-- WHAT THIS TASK INVOLVES --
In the entries below, find the line with "Vista pittoresca sulla" and the line with "Vintage 1970’s Fire-King", then retype both and everything between them exactly. Do not copy the pictures.

-- EXTRACTED INFORMATION --
==========
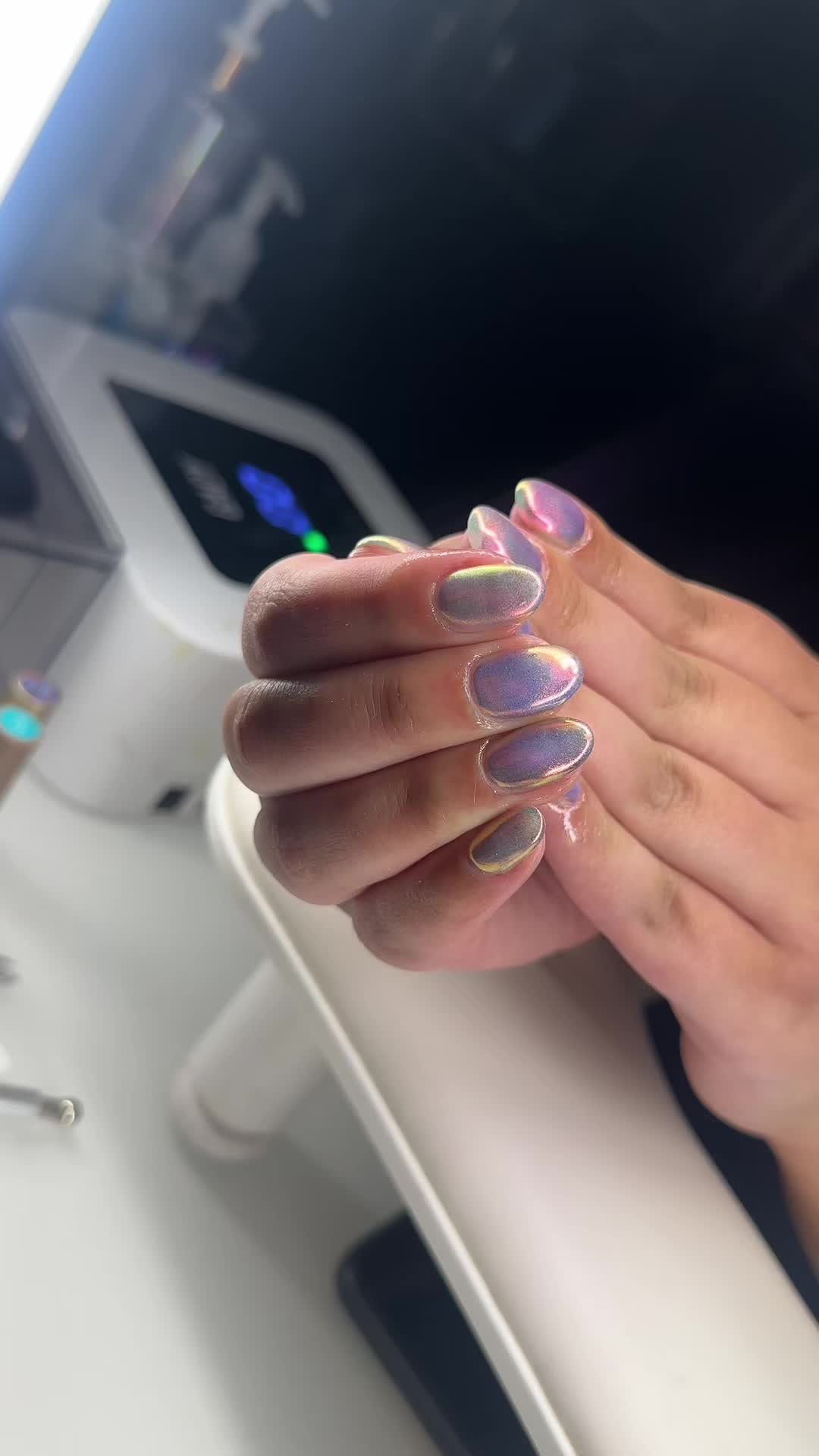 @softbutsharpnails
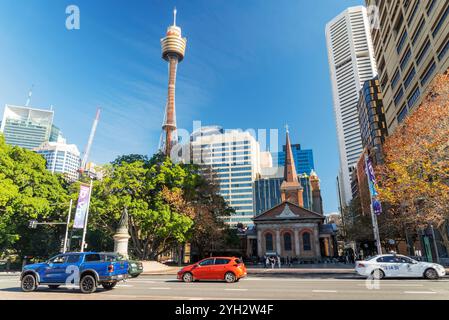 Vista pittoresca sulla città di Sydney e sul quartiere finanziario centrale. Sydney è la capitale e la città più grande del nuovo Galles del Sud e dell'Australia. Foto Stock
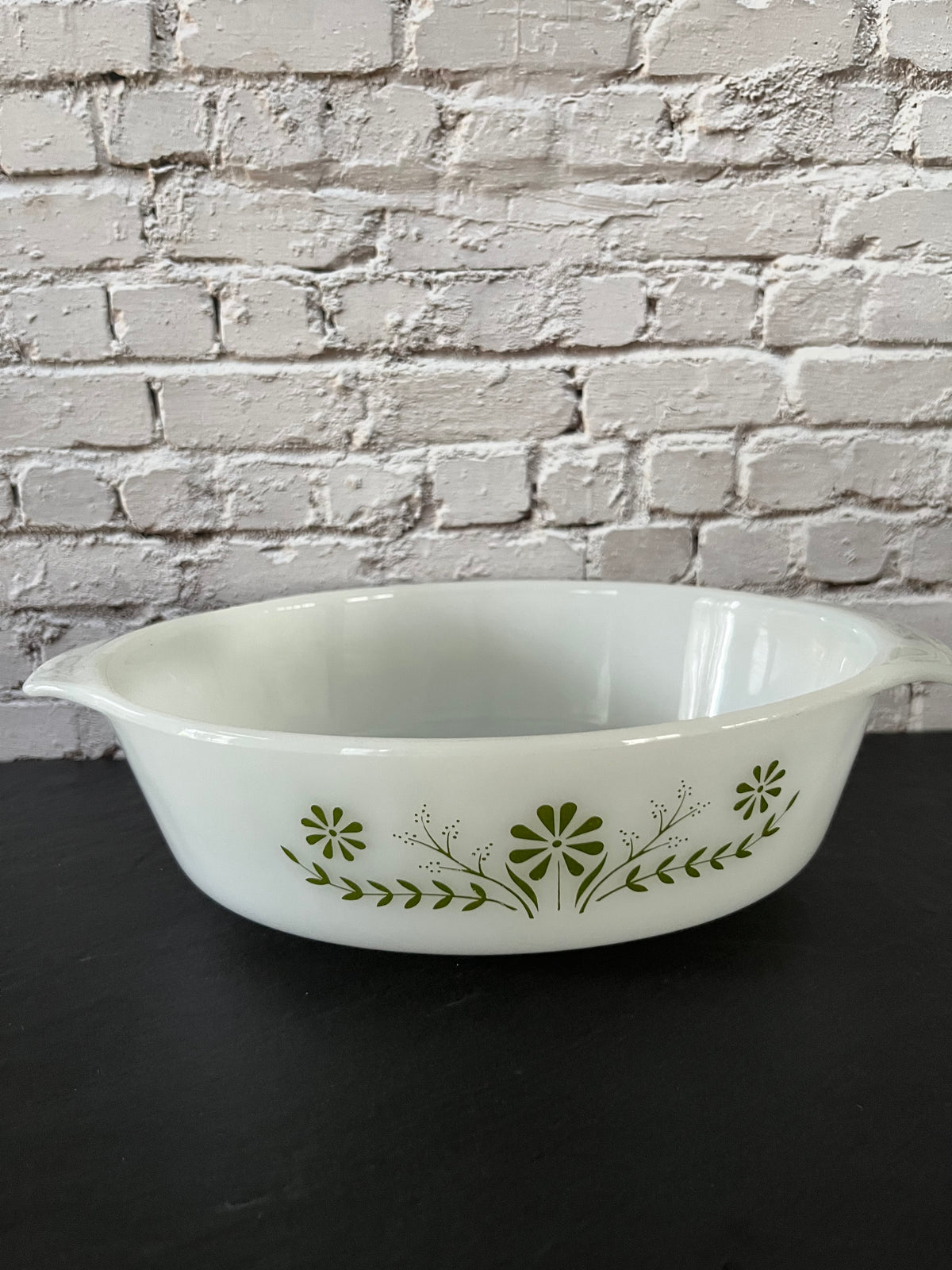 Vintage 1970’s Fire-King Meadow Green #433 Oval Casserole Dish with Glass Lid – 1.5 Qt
==========
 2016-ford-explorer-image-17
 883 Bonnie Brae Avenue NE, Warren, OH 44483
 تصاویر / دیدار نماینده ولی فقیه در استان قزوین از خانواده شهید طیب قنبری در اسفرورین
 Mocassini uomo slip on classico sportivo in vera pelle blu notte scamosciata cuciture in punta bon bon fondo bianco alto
==========
-- WRITTEN ANSWER --
 Vista pittoresca sulla città di Sydney e sul quartiere finanziario centrale. Sydney è la capitale e la città più grande del nuovo Galles del Sud e dell'Australia. Foto Stock
 Vintage 1970’s Fire-King Meadow Green #433 Oval Casserole Dish with Glass Lid – 1.5 Qt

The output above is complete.